Parkinson's disease (PD) is a neurodegenerative disorder with both motor and non-motor symptoms. Despite the progressive nature of PD, early diagnosis, tracking the disease's natural history and measuring the drug response are factors that play a major role in determining the quality of life of the affected individual. Apart from the common motor symptoms, i.e., tremor at rest, rigidity and bradykinesia, studies suggest that PD is associated with disturbances in eating behavior and energy intake. Specifically, PD is associated with drug-induced impulsive eating disorders such as binge eating, appetite-related non-motor issues such as weight loss and/or gain as well as dysphagia-factors that correlate with difficulties in completing day-to-day eating-related tasks. In this work we introduce Plate-to-Mouth (PtM), an indicator that relates with the time spent for the hand operating the utensil to transfer a quantity of food from the plate into the mouth during the course of a meal. We propose a two-step approach towards the objective calculation of PtM. Initially, we use the 3D acceleration and orientation velocity signals from an off-the-shelf smartwatch to detect the bite moments and upwards wrist micromovements that occur during a meal session. Afterwards, we process the upwards hand micromovements that appear prior to every detected bite during the meal in order to estimate the bite's PtM duration. Finally, we use a density-based scheme to estimate the PtM durations distribution and form the in-meal eating behavior profile of the subject.
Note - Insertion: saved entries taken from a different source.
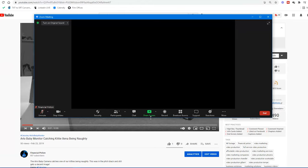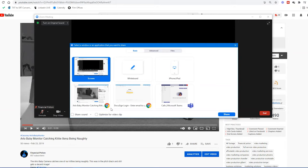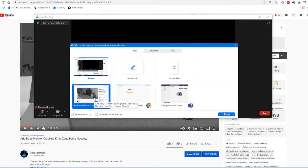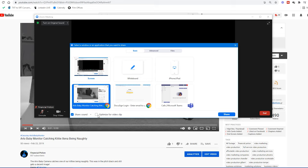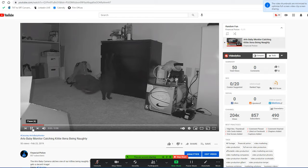When you click to share screen, you'll want to make sure that 'Share Sound' is checked, and click on the arrow next to it to select 'Stereo.' Also make sure to check 'Optimize for Video Clip' before selecting the correct window and sharing. This will ensure that viewers have a clear playback experience.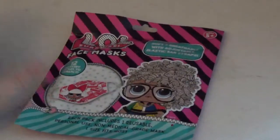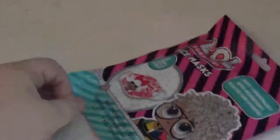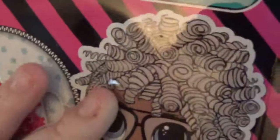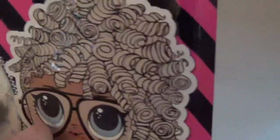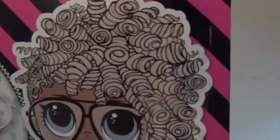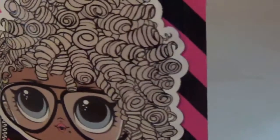This is the LOL Surprise Masks. Now there are 12 masks to collect. These are to get kids to actually join in during the pandemic and wear what they're supposed to. They're supposed to be soft, breathable, with elastic ear straps. So let's see which one we picked up.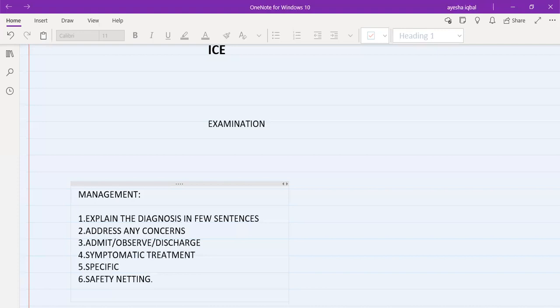That was basically the basic structure of medicine stations. Now we are going to discuss each specific station one by one.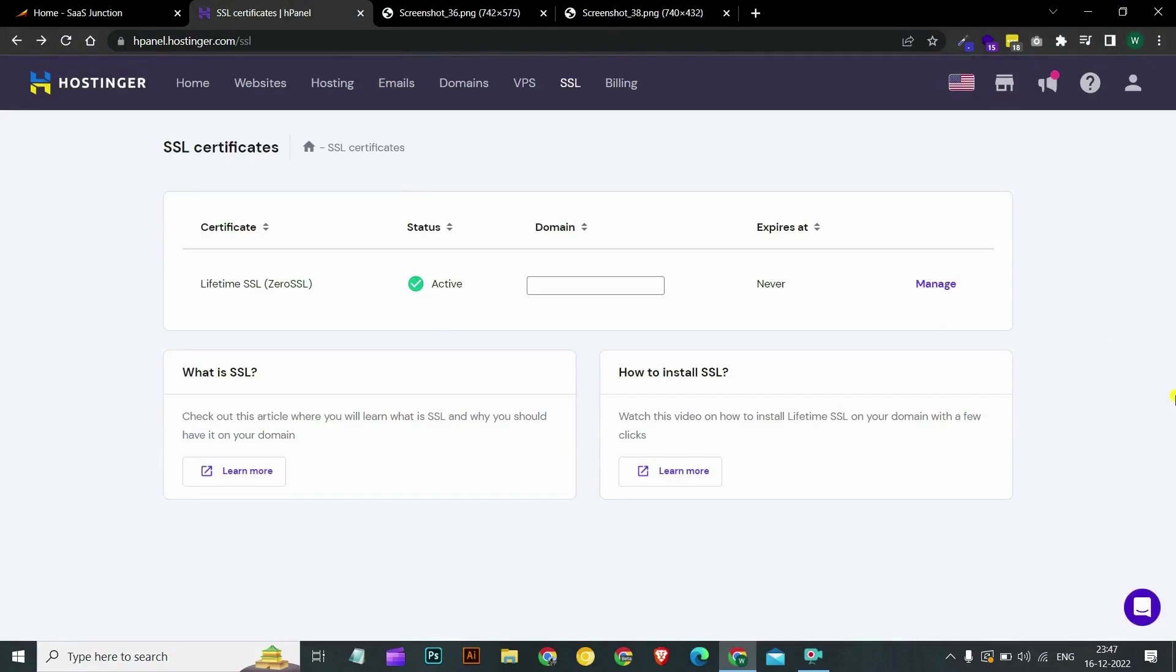We have also made a video on how you can install unlimited lifetime SSL on Hostinger. The link is in description below.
In the results section, we provide validation for every step of the process independently, as well as showcase our findings using a total of three datasets, one collected in a controlled clinical setting using standardized meals (with a total of 28 meal sessions from 7 Healthy Controls (HC) and 21 PD patients) and two collected in-the-wild under free living conditions (37 meals from 4 HC/10 PD patients and 629 meals from 3 HC/3 PD patients, respectively). Experimental results reveal an Area Under the Curve (AUC) of 0.748 for the clinical dataset and 0.775/1.000 for the in-the-wild datasets towards the classification of in-meal eating behavior profiles to the PD or HC group. This is the first work that attempts to use wearable Inertial Measurement Unit (IMU) sensor data, collected both in clinical and in-the-wild settings, towards the extraction of an objective eating behavior indicator for PD.